Superb! Looks great Gary!

The bezels being acrylic can be lightly sanded and then polished up with the same product you use for crystals... There is some debate as to the original finishing though... I say it should be lightly circular grained but someone who says he knows better says these should be polished... dontchya mate?!


----------



## Bladerunner (Jun 4, 2006)

Very interesting Garry; I have one to; but the bracelet is fixed & will have to take some pics soon...

Nice to see your picture taking is up to it's usual high standard.


----------



## JonW (Mar 23, 2005)

I guess I should add the fact that weve just published an article on these watches on DeskDivers.... follow the link below for tons of info this watch...


----------



## foztex (Nov 6, 2005)

I think a wee thread of pics is in order.

my first










The strapper










They never did a blue face, but let's 'face' it Omega's have gotta be blue. Franken










I do adore these, a few more pics.

What they come in










F3's Rock!










Andy


----------



## JonW (Mar 23, 2005)

Always nice to see some of your collection Foz









Keith emailed me today for a catchup and also reminded me that I should point out that my blue dialled SMf300 is also a franken - I built it myself as like Foz, I also wanted a blue dialled f300 diver.


----------



## foztex (Nov 6, 2005)

I forgotten you'd done that one Jon, I must have been blocking it out of my memory so as to endure less pain, ooh I so want that dial.
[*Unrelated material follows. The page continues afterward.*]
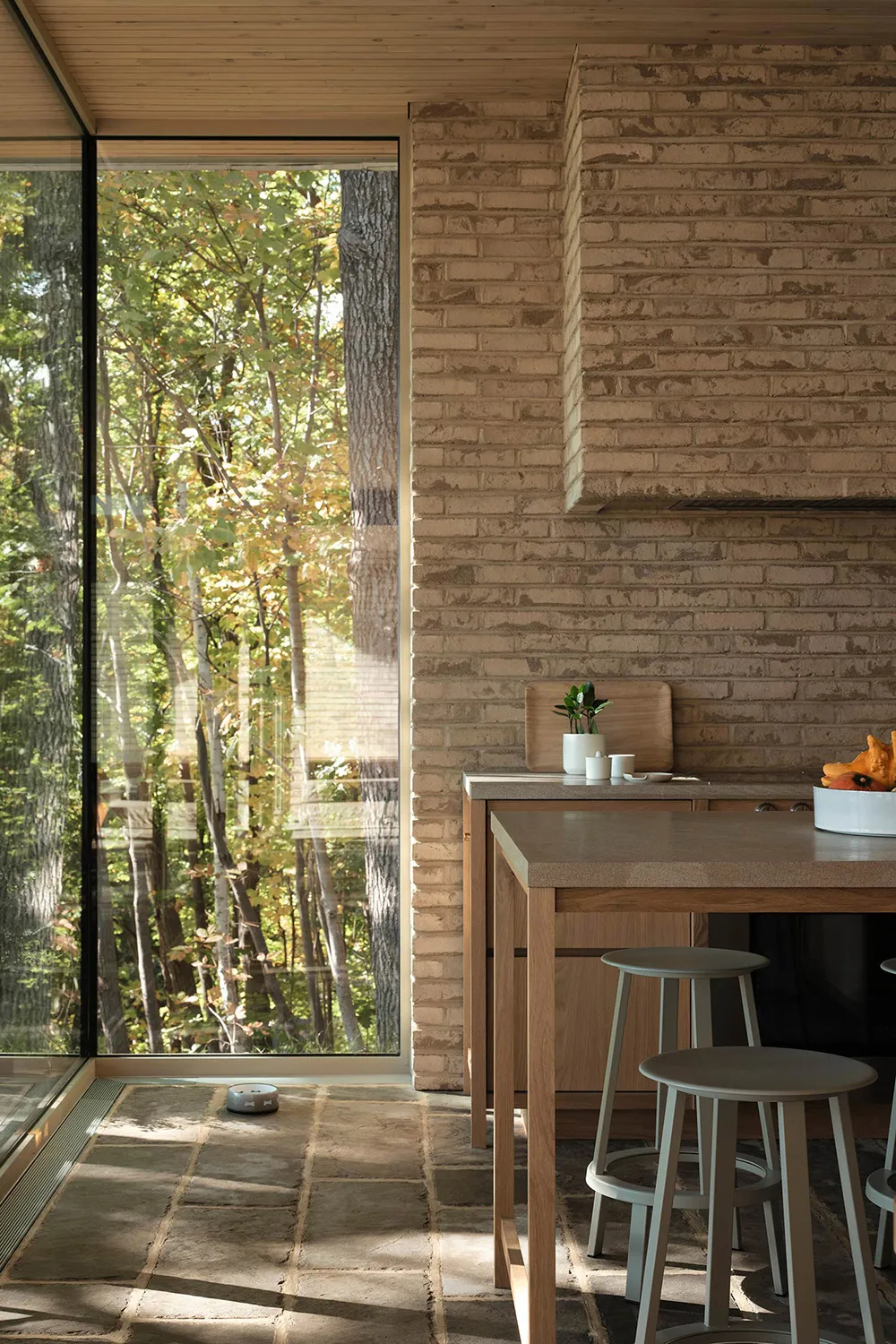 Beauté du brique dans le design d'une maison au bord d'un lac au Canada - Gallery image 6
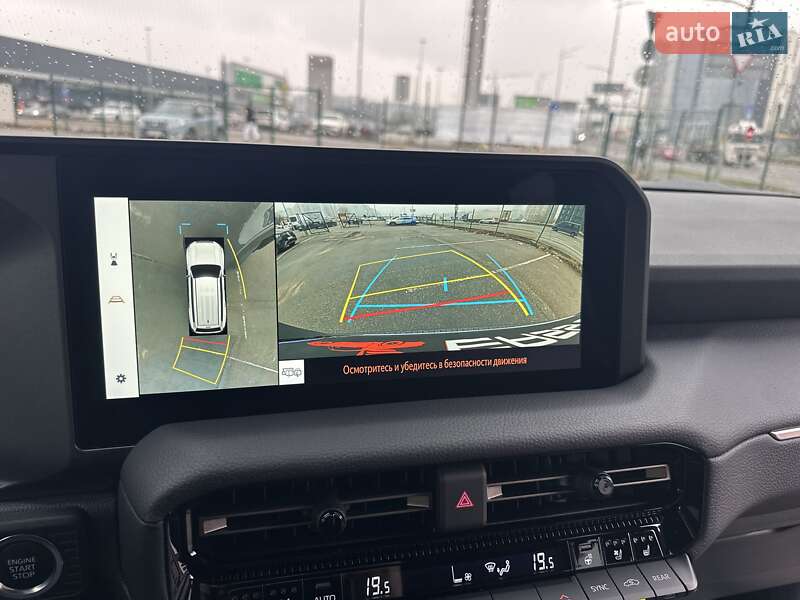 Позашляховик / Кросовер Toyota Land Cruiser Prado 2024 в Києві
those big chunky markers are just killer, but I have similar and am still over the moon with this










Andy


----------



## jasonm (Nov 22, 2003)

Well, if were going to get out our Sonics, then I can play too!

Not quite as good markers as yours Foz, and Im not usually a goldie fan but I love this one I got a few years ago..



















I still 'need' a SMF


----------



## foztex (Nov 6, 2005)

Ive never been a Goldie fan either ('cept for my old mate from Heathtown) but it was handling yours that finally convinced me I had to have a SpeedSonic.

I think its the dial colour that makes it Jase, that smokey milk chocolate look really suits it.

Andy



jasonm said:


> Well, if were going to get out our Sonics, then I can play too!
> 
> Not quite as good markers as yours Foz, and Im not usually a goldie fan but I love this one I got a few years ago..
> 
> I still 'need' a SMF


----------



## JonW (Mar 23, 2005)

A few years ago... blimey time passes too quickly here... 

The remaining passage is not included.